2019.3.26 すぐ死ぬんだから
『すぐ死ぬんだから』
本屋で見かけた途端、即買いした本のタイトルです。
内館牧子さんの小説。
一気に読んで、先週また再読。
このタイトルを見た時、80歳過ぎの両親の口癖だと思いました。
『どうせ、すぐ死ぬんだから。どうせ、すぐお迎えが来るんだから』
娘(私)が、何か積極的なこと、革新・改革的なことを提案した時の決まり文句。
これが飛び出すと『じゃあ、無理だね。止めておこう』と応えるしかない娘。
主人公の78歳・ハナは、60代まではまったく身の回りをかまわなかった。
だがある日、実年齢より上に見られて目が覚める。
「人は中身よりまず外見を磨かねば」と。
ところが夫が倒れたことから、思いがけない人生の変転に巻き込まれていく…
というストーリー。
途中、女医が出てくるあたり、同職としては嬉しいです。
小説の始まりから、主人公は、自分が78歳にもかかわらず、痛快なほど、世の老人たちをこき下ろします。
途中途中のセリフも名言(だと思います)。
『年齢を忘れるのは本人じゃなくて、他人に忘れさせなきゃいけないの』
『年の取り方のうまい人に、外見がみすぼらしい人、いないでしょ』
『ナチュラルが好きという女どもは、何もしないことをナチュラルと言い、あるがままと言っている。偽装することを面倒くさがるだけの無精者だ』
『年齢相応が良いとする男女は大っ嫌いだ、小汚いジジババは衰退ではなく、老衰だ』
『帽子をかぶってリュックをしょって、渋団扇の如き肌をさらして、そこらにある服を着るバアサンになってはいけない』
『先のない年代に大切なのは、偽装。これのみ。磨きをかけて、だますことだ』
あとがきには…
『すぐ死ぬんだから』というセリフは高齢者にとっての免罪符である。
『すぐ死ぬんだから』と自分に手を掛けず、外見を放りっぱなしという生き方は『セルフネグレクト(自分で自分を放棄)』することなのではないかと。

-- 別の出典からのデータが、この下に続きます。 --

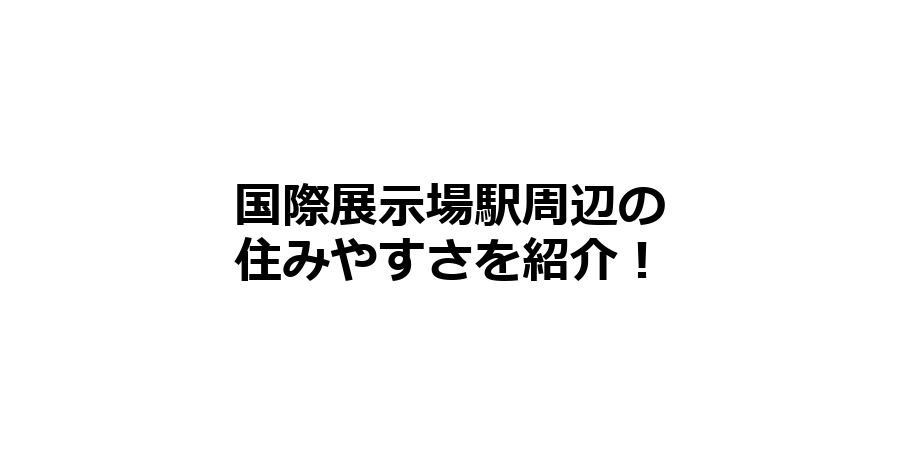 国際展示場駅周辺の住みやすさを知りたい！治安、交通アクセス、家賃相場など！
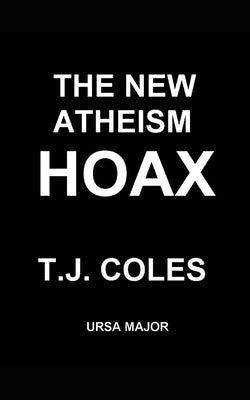 The New Atheism Hoax: Exposing the Politics of Dawkins, Dennett, Harris, and Hitchens by Coles, T. J.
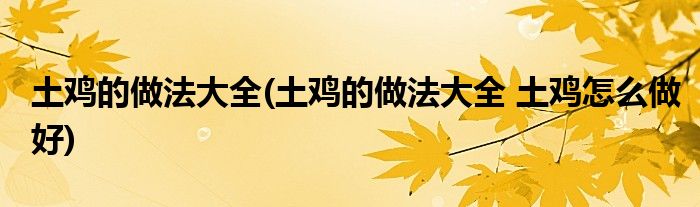 土雞的做法大全(土雞的做法大全 土雞怎么做好)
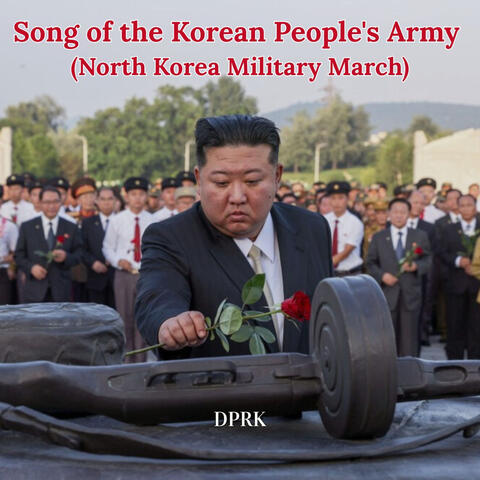 Song of the Korean People's Army (North Korea Military March) album art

夫が亡くなってしばらくハナは『すぐ死ぬんだから』を連発します。
その後、本調子に戻ったハナに、娘は『言う側はいいよ。だけど聞かされる側はたまんないよ。聞き苦しい、聞き苦しい』
主人公と同年代の方にとっては、大いに反論・批判もあるでしょうが…
豊かな老後を目指す院長としては、深く考えさせられる小説でした。
実現するかどうかは別として、早速、ライフプランを立ててみました。
おおまかですが、考え始めると、意外に楽しい。
自分の強みを生かして、社会にずっと関わって行けるよう、自分磨き(外見も中身も)は続きます。